This chapter analyses into the issue of homelessness among Māori in Aotearoa New Zealand, emphasising the historical shift of Māori from rural to urban areas since the 1930s and its impact on identity and belonging.

The authors discuss the large-scale urban migration of Māori, driven by various factors from seeking opportunities to escaping rural challenges. This shift has resulted in a significant Māori population in urban areas, facing challenges including homelessness. The chapter proposes understanding Māori homelessness within a cultural context, arguing that conventional definitions do not fully capture Māori experiences. It explores homelessness beyond the absence of physical shelter, including disconnection from ancestral lands and cultural roots.
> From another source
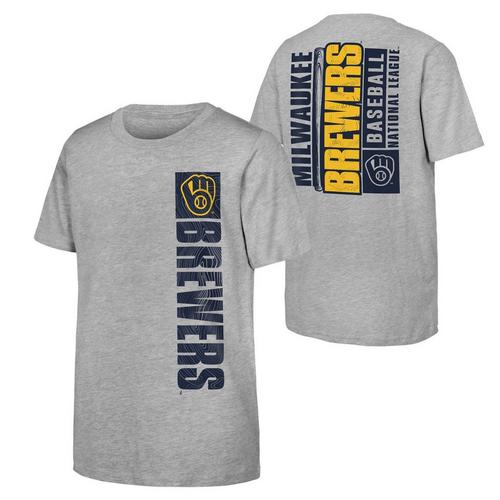 Genuine Stuff Kids' Milwaukee Brewers Line Drive T-Shirt - Primary Image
The authors use Phil’s case study to illustrate how Māori maintain their cultural identity and connections despite being homeless. Phil’s story highlights the role of cultural artefacts and memories in sustaining identity and belonging despite physical dislocation. The chapter advocates for a broader understanding of homelessness that includes cultural and historical dimensions, especially for indigenous populations. It suggests rethinking how Māori identity is formed among the homeless and calls for culturally informed interventions and research. The authors question the role of iwi leaders, Māori academics, and service providers in addressing Māori homelessness, emphasising a coordinated approach that recognises this community’s unique challenges.